The first time they throw this EP on, listeners who aren’t prepared for what’s coming will physically recoil at the impact that “Friday the 13th” exerts on their ears. Here, guitarist Jerry Other immediately begins stirring up a muddy, sludgy maelstrom while drummer Eric Arce initially pounds out a tribal rhythm – but the whole thing sputters and then spontaneously re-aligns into a muscular punk melange which surges forward, streamlined with singer/bassist Jerry Only riding the crest of Arce and Other’s wave in a voice which could best be characterized as “power lounge.” Only’s vocal doesn’t really reach, stretch or give listeners the impression that his performance requires a lot of effort, but that ease is also attractive.
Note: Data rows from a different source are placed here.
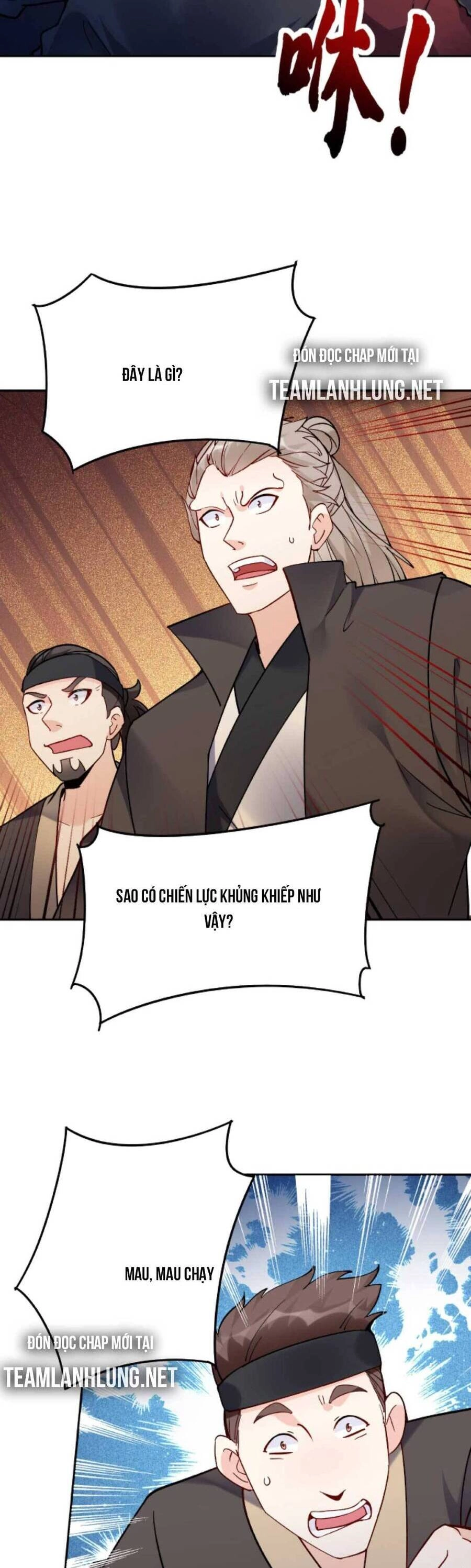 Nhân Vật Phản Diện Này Có Chút Lương Tâm, Nhưng Không Nhiều! Chapter 38 - 16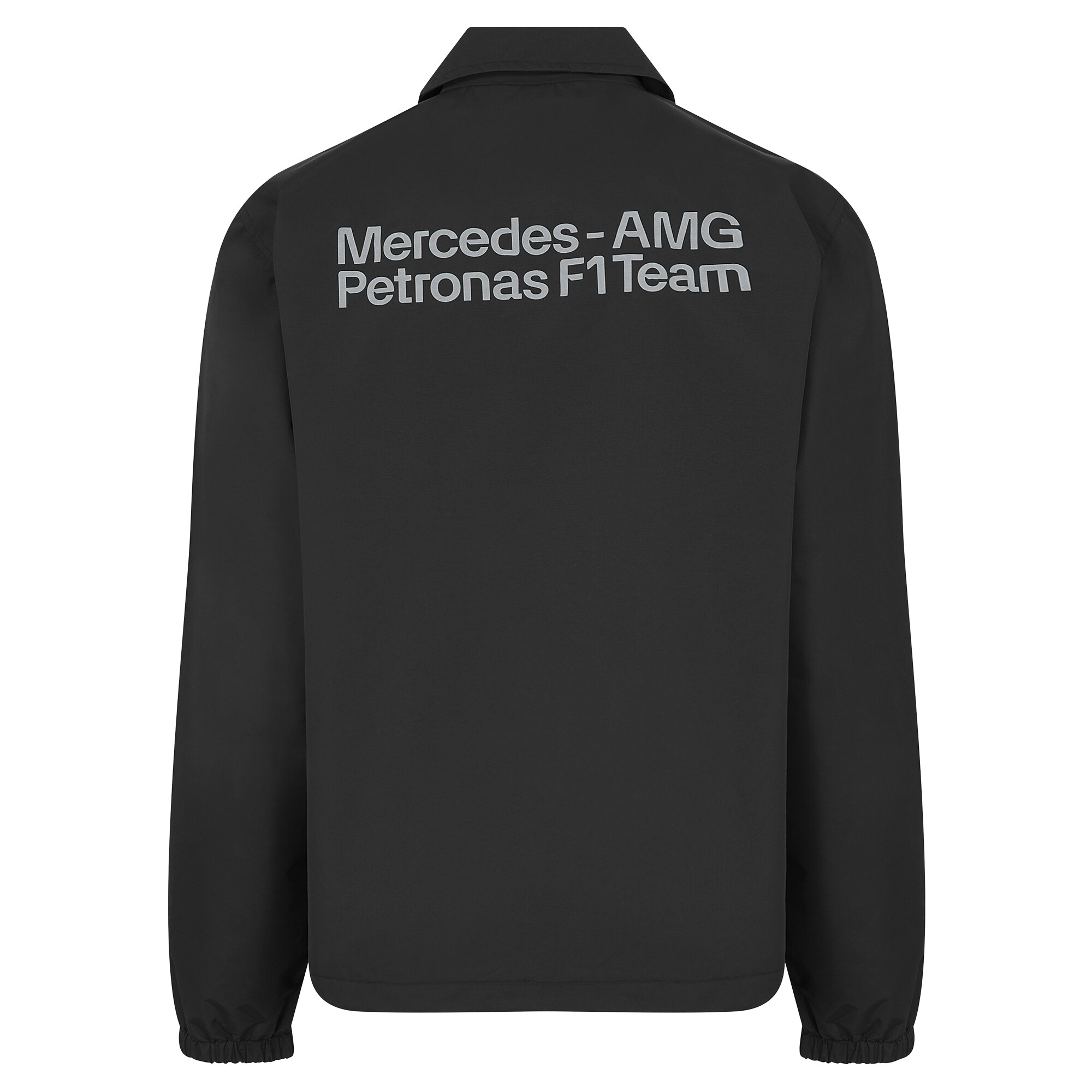Mercedes AMG Petronas F1 Coach Jacket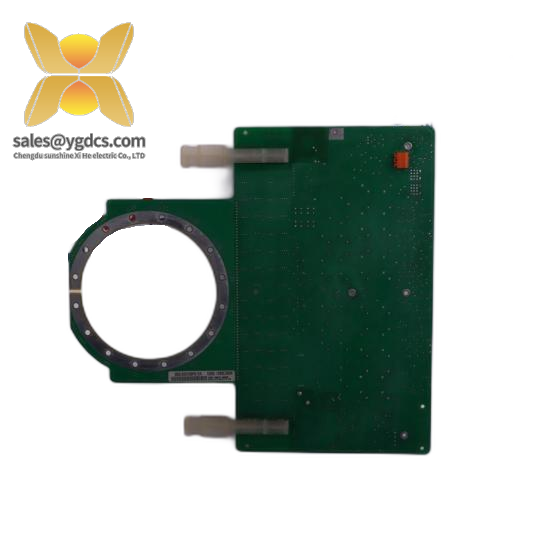 ABB CPM810 Common Processor Module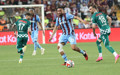 Ziraat Türkiye Kupası'nı Trabzonspor kazandı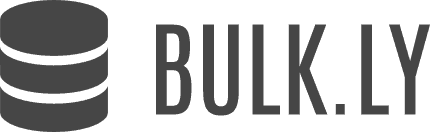 Bulkly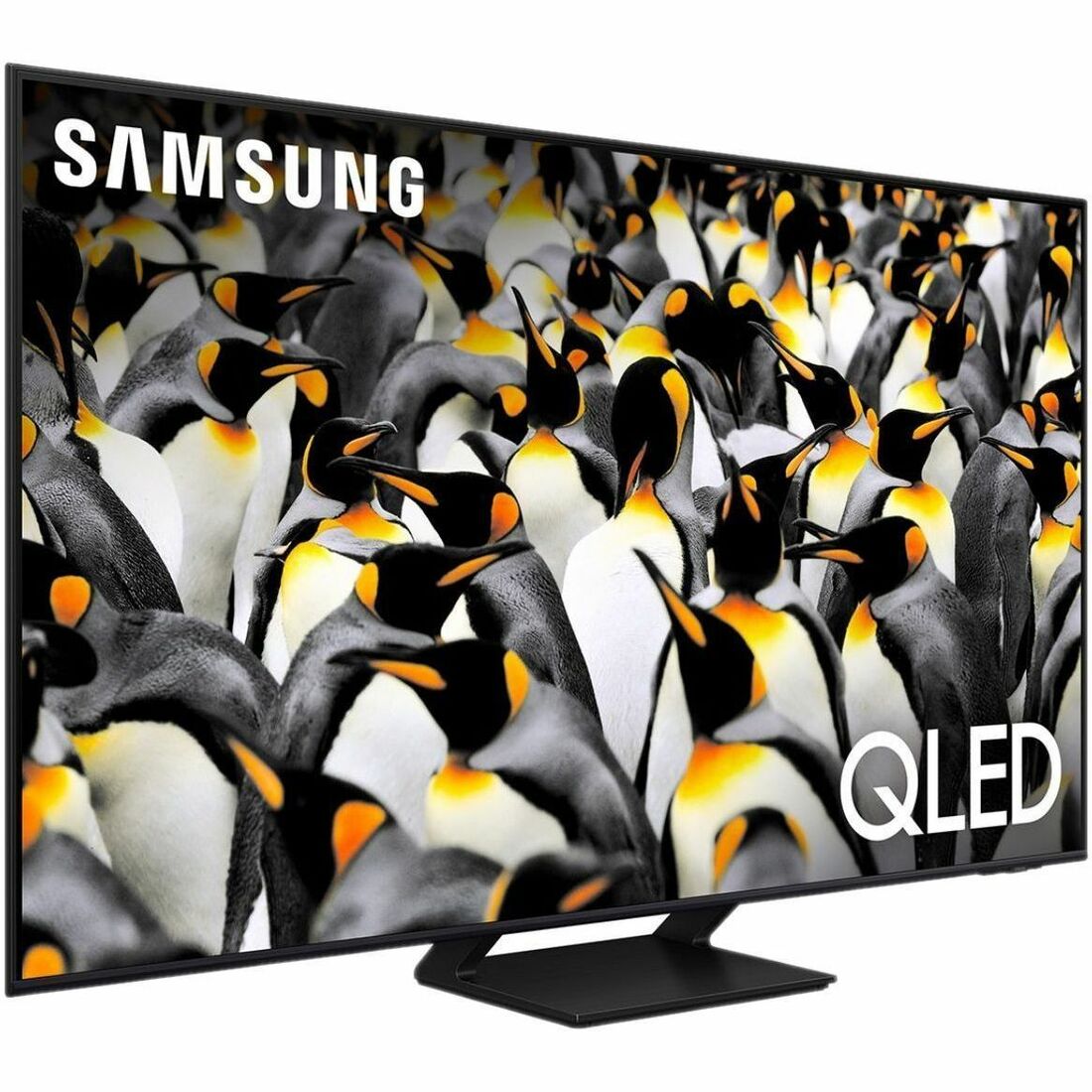 Main Image for Samsung Q70D QN85Q70DAF 84.5" Smart LED-LCD TV 2024 - 4K UHDTV - High Dynamic Range (HDR) - Black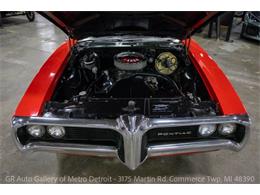 1969 Pontiac LeMans (CC-1809542) for sale in Kentwood, Michigan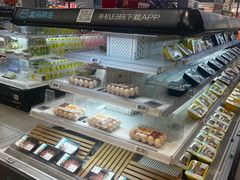 -盒马鲜生(枣园路店)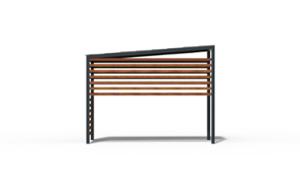 tänavamööbel, muu, pergola, varikatus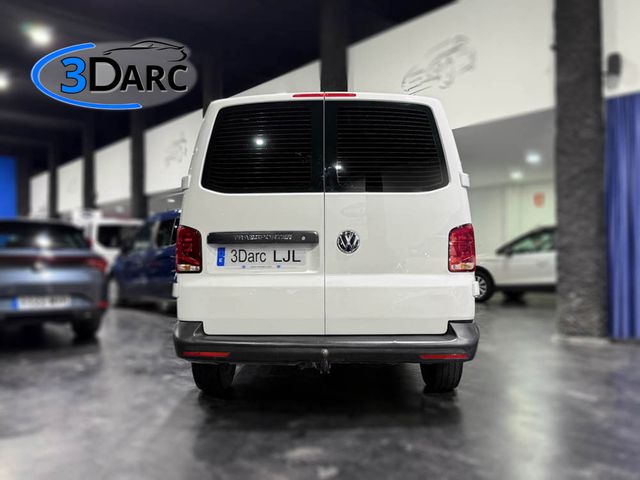 Volkswagen Transporter T6 Kombi 2.0 TDI 110CV 2020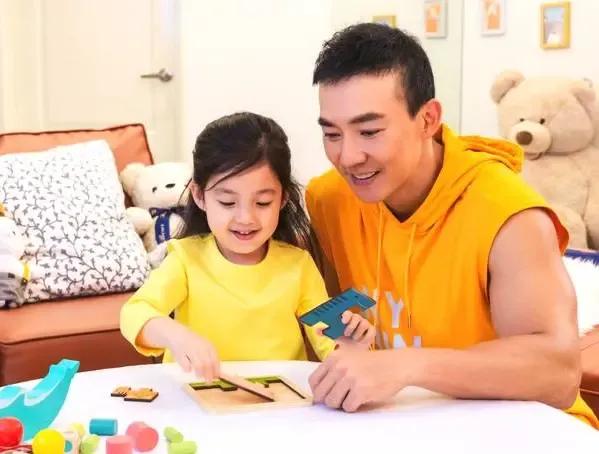 数学不行如何辅导孩子领会,4岁孩子学数学怎么辅导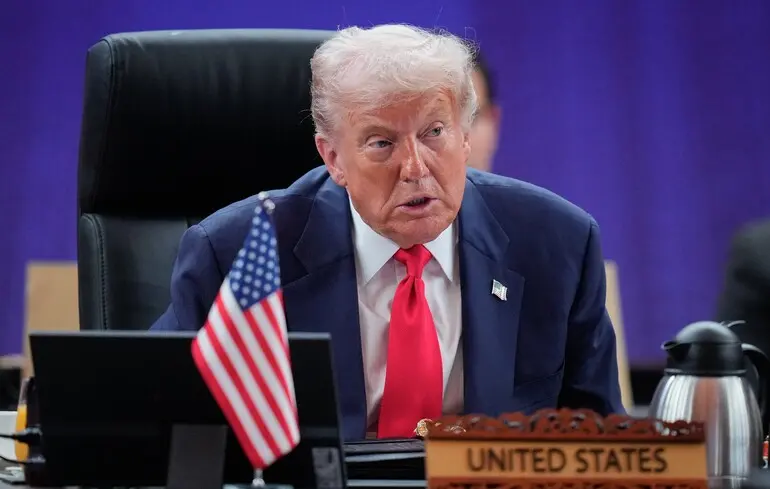 США проти Ірану - Трамп має можливість ініціювати масштабний військовий конфлікт із Тегераном. 1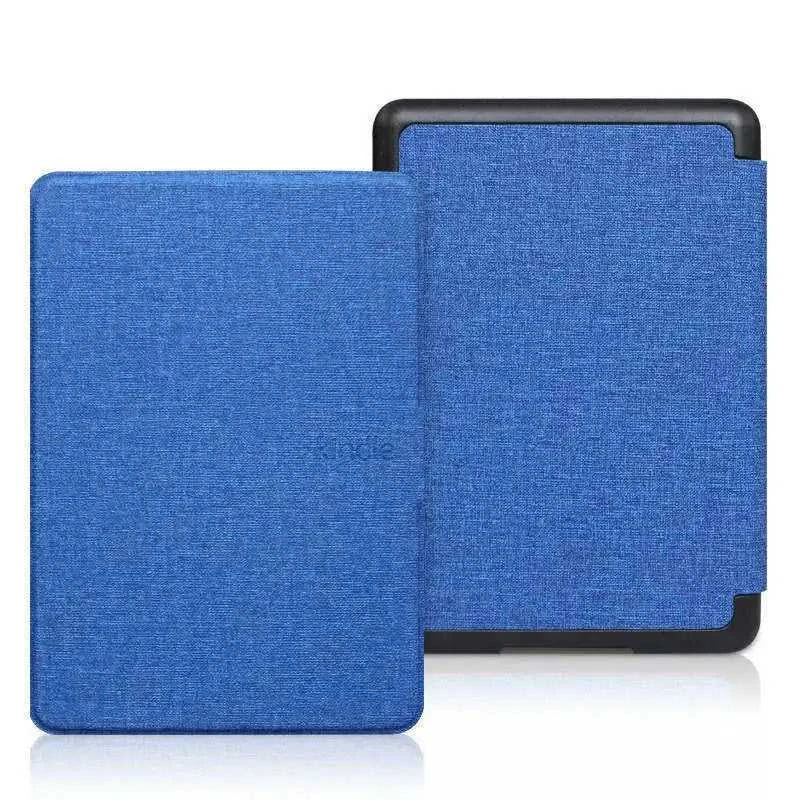 Kindle Paperwhite Magnetic Case [[product_type]] Éditions Traditions & Modernité Inc. 187205497;20260710;1783704875ddy3J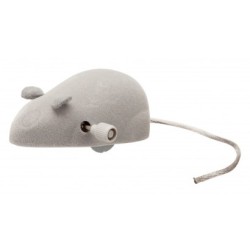 TRIXIE Wind-Up Mouse Length...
Only’s not rushing toward listeners earnestly, he’s making them come to him – and they will.
The exact same formula employed for “Friday the 13th” works in “Nightmare On Elm St.” There, Jerry Other shifts gears into a more stock, “all on the down-stroke” and Ramones-esque progression which does not pause or relent once in the song’s 2:45-running, and then it just blinks out of existence leaving listeners to clean themselves up; it’s just quick, easy and almost impersonal, and a really good foil for “Friday the 13th.” Like the movies for which the songs are named, they’re cut from the same fabric but are completely different experiences.
As the EP continues, “Laser Eye” keeps the trend set by “Friday the 13th” and “Nightmare On Elm St.” in play as it sort of intermingles images of Evil Ernie, Evil Dead and X Factor-era Iron Maiden into a fine (and fast), punky pastiche before crossing vintage Misfits histrionics with a Meatloaf vocal grunt to close out the proceedings.
Now, some longtime Misfits fans may balk at the final, kind of fluffy, turn that “Mad Monster Party” represents as really mawkish (come on – if you can’t imagine Jerry Only throwing lyrics like, “Cause we were barely seventeen and we were barely dressed” into this song somewhere for kicks on a live stage, you’re just not trying), but the truth is that it’s also easy enough to look at that last song as malicious fun – like painting a hearse blaze orange with a green racing stripe. It’s great – in its own way, on the right day.
Being “great in its own way, on the right day” is a good way of viewing the Friday the 13th EP in general, to be honest. After so many years of just limping along or treading water on their best days, the sort of fun, gallows humour splattered all over this EP plays like a breath of fresh air and is capable of really renewing hope for the band’s future.